Julies Blog

Mini Spring Cleans

by Julie Finch-Scally

The greasy area above my kitchen cupboards has been annoying me for weeks.  Last Friday I decided to do something positive about it.  I brought the step ladder up stairs, ran some hot water in the sink and trotted out the trusty cream cleanser.

Using the cream cleanser on the scourer side of a sponge/scourer rinsed in the hot water, I climbed up and started scrubbing the wall.  As I was now at the same level as the top of the cupboard doors I could see the grease and dirt across the top of them.  These got a scrubbing as well.

The top shelves of the cupboard I was cleaning are difficult to see into when standing on ground level, so I used the opportunity of being up high to wipe out the shelves as well. 

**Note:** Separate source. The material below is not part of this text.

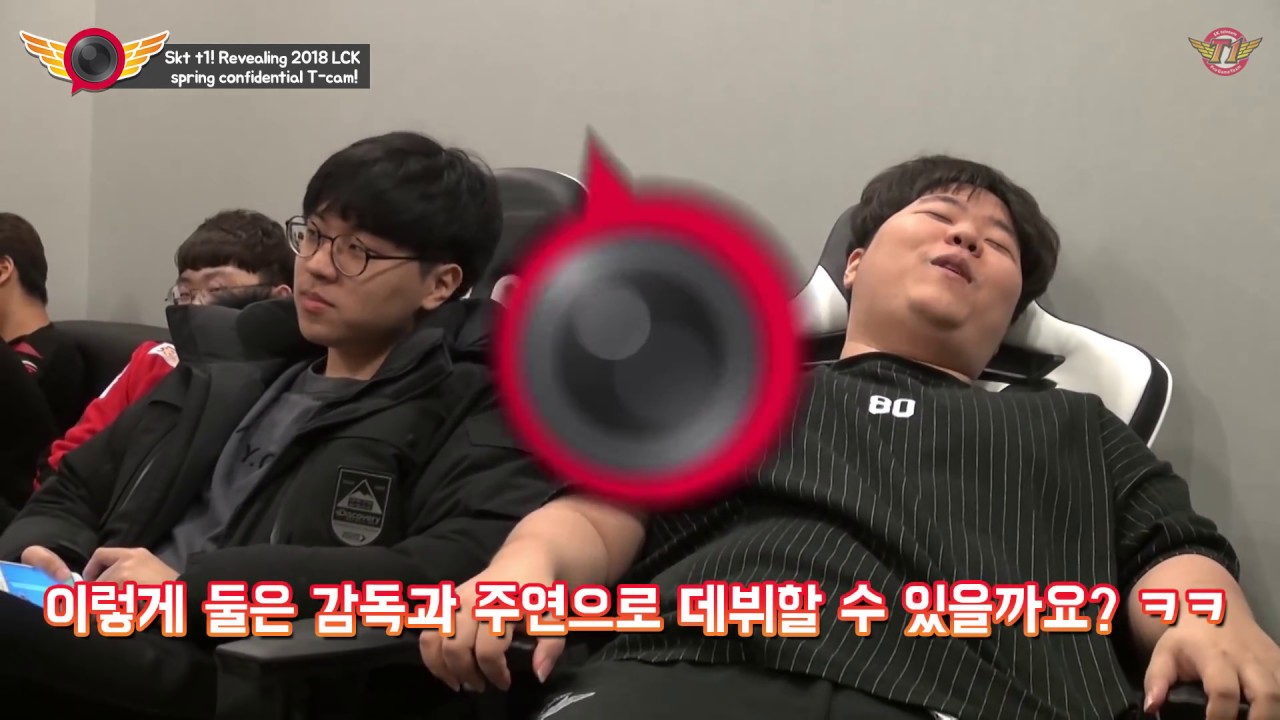 EP70. Skt t1! Revealing 2018 LCK spring confidential T-cam! [T1 CAMERA]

I moved out one item on the top shelf and placed it down on the bench.  With the damp scourer still impregnated with cream cleanser I scrubbed the area where the item had been sitting.  Taking a clean damp cloth I wiped off the residue of the cleanser then dried the shelf with a tea towel.

As that section of the shelf was now clean I moved another item on the top shelf into the clean space and using the previous process cleaned the area where the second item had been sitting.  Once dry I moved the final item on the top shelf into the clean space and went over the remaining dirty area.  When the whole of the top shelf was clean I pushed the items back into their original position and replaced the item I’d placed on the bench. 

I cleaned the other shelves in the cupboard using the same procedure.  There were a couple of marks on the front of the shelves so I made sure they were removed prior to closing the cupboard door.  Then for good measure I cleaned the front of the cupboard door as well.

There was another cupboard sitting above the range hood, so I cleaned that out as well.  Then I tackled the Range Hood.  The base of the hood is removable and allows one to take out a metal filter.  The base is too large to fit into the dishwasher but I managed to fit in the filter.  As I was going to clean the stove top I removed the cast iron hobs and placed them in the dish washer as well.  Once they had been through the pots and pans cycle they came out clean.  The heat of the water and the strength of the cleanser dissolve the grease especially in the small nooks and crannies. 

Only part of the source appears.